Рита была моей подругой. За жесткий характер ее прозвали Железная Рита и все время припоминали ей то, что прежде она работала тюремным охранником. Но ко мне она всегда относилась тепло, даже с любовью. И хотя мы нередко не могли найти согласия по вопросам политики, она часто выступала на моей стороне в партии и парламенте. Мы обменивались идеями, и она временами использовала мои подсказки. Зачастую я вступалась за беженцев, которых она собиралась выслать из страны. Рита была одной из тех немногих, кто утешал меня после смерти Тео. И стараясь помочь мне, она прошла через множество трудностей.
Рита давно знала о том, что я солгала, подавая прошение о статусе беженца. Она не читала мои интервью (и с чего бы ей их читать), но мы с ней говорили об этом, причем в последний раз за пару недель до того телешоу. Тогда она решила депортировать Таиду Пасич, восемнадцатилетнюю девушку из Косово, хотя та как раз должна была сдавать выпускные экзамены в школе. Я позвонила Рите из дома Леона де Винтера и стала умолять ее пересмотреть дело, но она была непреклонна.
– Эта девушка солгала. У меня связаны руки.
– Но Рита! Я же тоже солгала тогда! – воскликнула я, и Леон услышал мои слова.
– Если бы я тогда была министром – я бы выслала и тебя, – ответила Рита.
На следующий после телешоу день Рита публично объявила о том, что мне нечего бояться. Но она готова была пойти на многое, чтобы ее избрали главой Либеральной партии. Голосование было назначено на 30 мая, и Рита не могла позволить себе дать слабину. «Правила есть правила», – повторяла она, как мантру, и настаивала на том, что исключений не должно быть ни для кого. Поэтому еще через день, когда ей стали поступать звонки с требованиями оспорить мой статус, Рита дала понять, что собирается изучить мое дело.

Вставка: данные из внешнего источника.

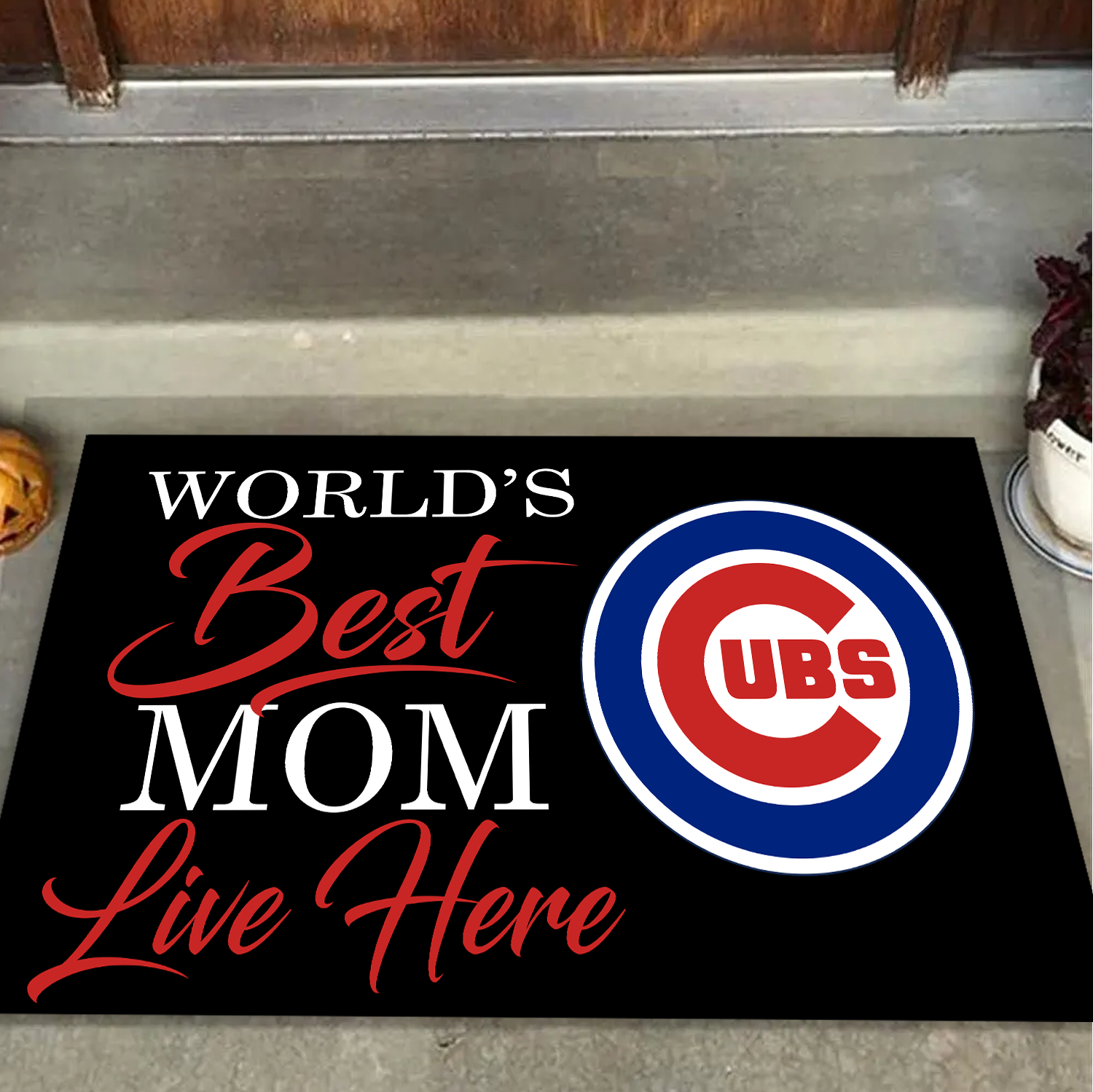 World's Best Cubs Mom Live Here Doormat for Cubs Fans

Я вдруг почувствовала себя тем самым глупым, доверчивым кочевником из бабушкиных сказок.
К концу недели распространились слухи о том, что Рита планирует лишить меня гражданства. Сообщения об этом стали появляться даже в газетах. Без гражданства я не смогу даже голосовать, что уж говорить о политической карьере. Разрешат ли мне когда-нибудь вернуться в страну? Смогу ли я путешествовать без паспорта? Если меня исключат из парламента, отнимут ли у меня охрану? Невероятно. Даже в вечер понедельника, когда Геррит Зальм зашел ко мне сказать, что все так и есть, и передал письмо из министерства – даже тогда происходящее казалось страшным сном.
Наутро вторника мой автоответчик был полон сообщений, а электронный ящик – писем. Я стала думать о том, что же сказать на пресс-конференции, которая состоится днем. По столу были разбросаны страницы моей рукописи. «Я – Айаан, дочь Хирси, сына Магана», – прочла я на одной из них.